UE local 150, NC Public Service Workers Union has launched an exciting new campaign to organize a statewide movement of city workers. In Greensboro, several hundred workers have expressed interest in joining the union and formed a strong Organizing Committee over the last few months. Workers from cities across the state – including Charlotte, Greenville, Raleigh and Durham – gathered in Greensboro for a Statewide Municipal Summit on November 5. Outreach was done to workers in several other smaller cities such as Winston Salem, Rocky Mount, Wilson and Goldsboro.

At the summit, workers were able to share about conditions and struggles in their various cities and learn from each others campaigns. In every city we organize, we are able to make advances in different areas, for instance:

  • Charlotte -historic new pay scale that recognizes years of service
  • Greensboro – workers won 6 weeks paid leave for mothers, fathers and same sex couples for new children in their family
  • Raleigh – city workers are covered by Civil Service Protections so have more rights to their and jobs makes harder to be fired
  • Durham – won wage increases by uniting with community struggles against too much funding for police, including $81 million for new HQ

Building the statewide movement of city workers helps us to share these lessons and bring victories/standards from one city to ALL cities! UE150 see the fights as both with City Hall, but also the State Government!

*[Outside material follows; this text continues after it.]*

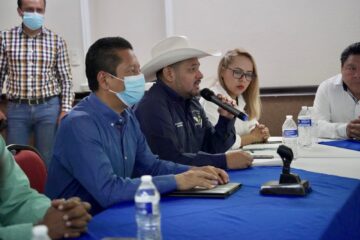 Se reúne Llaven con integrantes del sector campesino y turístico de Chiapas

This past September marked the 10 year anniversary of the Raleigh Sanitation workers strike that rocked the state, resulting in not only the Mayor Charles Meeker riding on the back of a solid waste truck, but also recognition of the union payroll deduction, meet-n-confer system with Mayor, hiring all temporary workers as permanent and a back-pay settlement for stolen wages. Many of the lessons of this strike continue to be used in our current organizing campaigns, including how to build mass community support to advance the fight for collective bargaining for all public workers and building workers power.

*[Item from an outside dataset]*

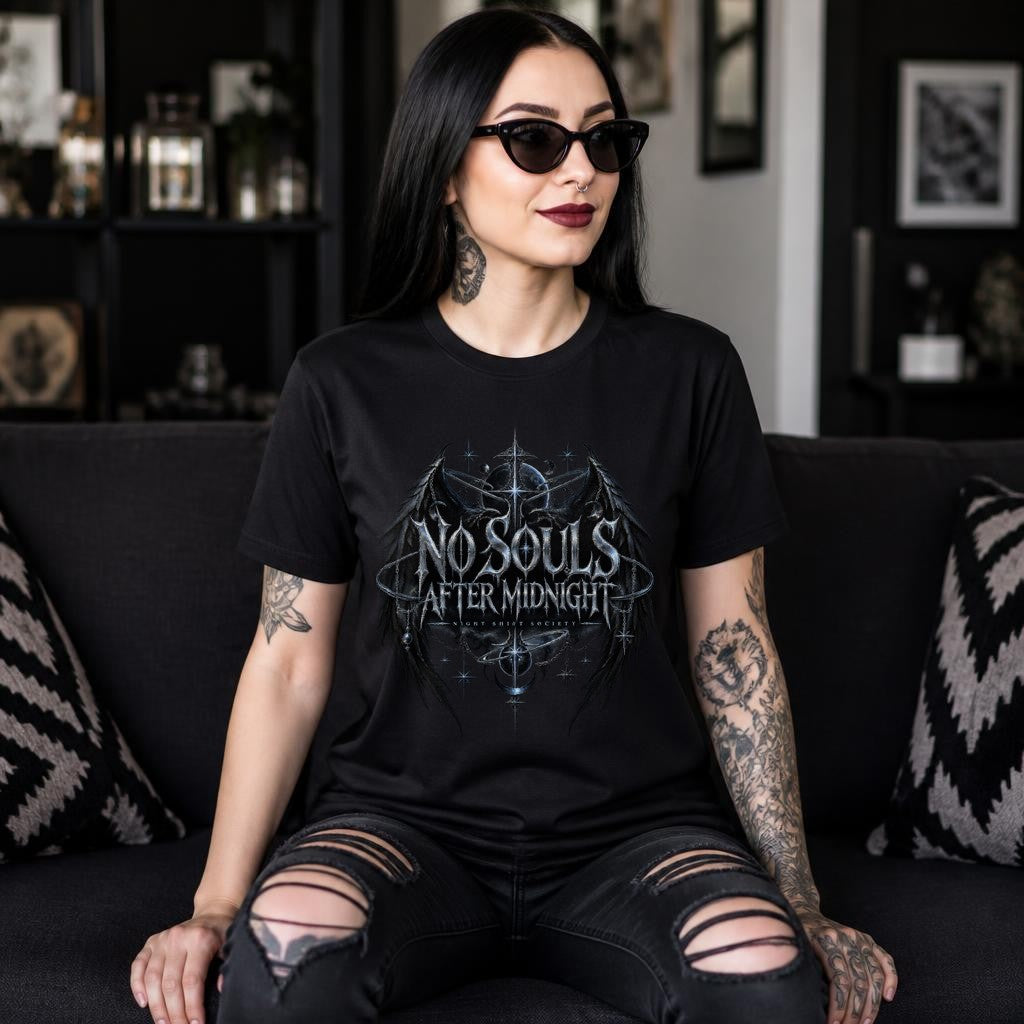 No Souls After Midnight Gothic T-Shirt Damen Herren – Dark Aesthetic Night Shift Society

Meanwhile, the Charlotte chapter continues to grow as workers in the light rail “LYNX” department have joined the union in large numbers, showing the expanding base of power for our union in the city.

In Greensboro, city workers have been meeting with Mayor Pro-Tempore Yvonne Johnson about several of their main concerns, including lunch breaks for solid waste workers while working their 10-hour shifts, and enforcing a city council resolution passed last year to bring workers up to at least $10 per hour (went into effect Sept. 2015 but no action yet) and to $15 per hour by 2020. But unless workers have a union to enforce changes, any city policy or resolution is worthless as toilet paper.

Workers across the state, even without collective bargaining are continuing to organize for basic standards – a Municipal Workers Bill of Rights.